To the Greeks, angels (angeloi) had been lesser gods serving the greater ones, and sometimes visiting the world on their behalf. Christian angels continued to visit people and were likely to be mistaken for ordinary people, just as they had been in earlier times (Hebrews 13:2). Only later would they sprout wings and become immediately recognisable. Christian representations of winged angels are based largely on the Roman goddess Victoria (identified with the Greek goddess Nike and the Egyptian Naphte), though the basic idea seems to have been Babylonian and ultimately Persian. When the Altar of Victory was removed from the Senate House in Rome in 382 because of Christian sensibilities, a statue of Victoria was left untouched, apparently because she had been adopted as an angel. (Looking at the winged, sword-wielding female figures on top of many British World War II memorials, it is often impossible to determine whether one is looking at the goddess Victoria or a Christian angel.)
The famous statue at the centre of Piccadilly Circus in London is universally called Eros, an indication of how thin the veneer of Christian angels really is, for the statue officially represents the Angel of Christian Charity.
Dæmons, minor Greek divinities, were also enlisted into the Christian pantheon. The original Greek dæmons had been supernatural beings of a nature intermediate between that of gods and men; they were inferior divinities, spirits, or the souls or ghosts of the dead, especially those of deified heroes. To the Romans they were known as genii. Everyone had two personal dæmons: one good, one evil. Christian thought changed the good one from a "guiding genius" into a guardian angel (there is still some doubt about whether these angelic guards are allocated at birth or baptism)*. The image of diminutive supernatural creatures, one an angel, the other a devil, sitting on one"s shoulders and whispering secret advice, is still to be found in modern cartoons, and also in certain old-fashioned theologies.
Other dæmons became demons, malign spirits from Hell, servants of the Devil, soldiers in the satanic hosts under Satan opposed to those in the angelic hosts under the command of Saint Michael.
Originality is the art of concealing your source.
Franklin P. Jones (1853-1935)
As the power of the Roman Empire waned, the power of the Christian Church waxed. The Church, especially the Western Church, adapted the remnants of the Empire for its own purposes. Greek, the language of the gospels and the early Church, was abandoned in favour of Latin, the language of the Western Empire.

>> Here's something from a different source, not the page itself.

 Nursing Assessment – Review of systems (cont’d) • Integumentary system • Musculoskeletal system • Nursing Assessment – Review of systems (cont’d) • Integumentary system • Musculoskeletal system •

Bishops adopted the imperial purple, a colour that they wear to this day. They also adopted secular symbols of power like the staff, mitre and pallium*. They took to wearing special rings, which people would be expected to kiss. Each took over a diocese, which had been the jurisdiction of a Roman governor, previously set up by Diocletian. Similarly, imperial provinces became the jurisdictions of metropolitans.

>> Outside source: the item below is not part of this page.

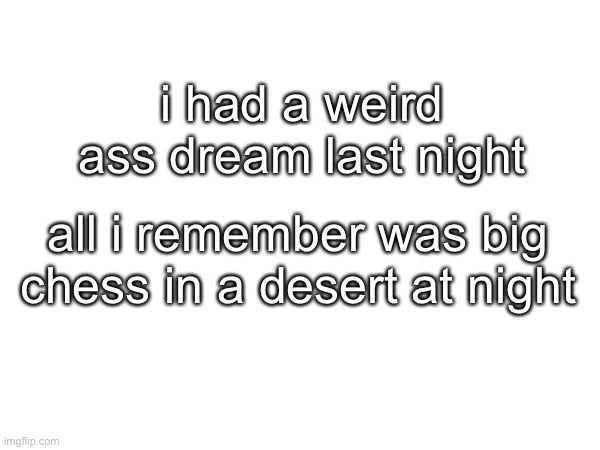 also the part where I was a girl but that’s obvious | i had a weird ass dream last night; all i remember was big chess in a desert at night | made w/ Imgflip meme maker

Church ritual was borrowed from imperial court ritual, and church architecture from imperial architecture. Basilicas were originally secular buildings, large rectangular halls with columns down the side and an apse at one end. The Emperor sat on a throne in the middle of the semicircular apse surrounded by his officials. Similarly a judge would sit in the centre surrounded by assessors. These basilicas were converted into Christian churches, and soon new basilica churches were being purpose built. Now a bishop sat in the apse, his throne (cathedra) at the centre of a semicircle of his clergy. The apse of a modern church is a reminder of this arrangement. A modern day bishop still sits on a throne, called a cathedra, and the church in which he keeps his throne is thus known as a cathedral church. The thrones are now generally moved to the side, their original position now being occupied by the altar, but the bishop and his subordinates still wear their imperial court robes, a contemporary fashion from 2,000 years ago. In the Western Church clerical robes are modelled on courtly robes from the time of Constantine , while in the Orthodox Churches the vestments worn by bishops are the same as those once worn by the Emperor in church*.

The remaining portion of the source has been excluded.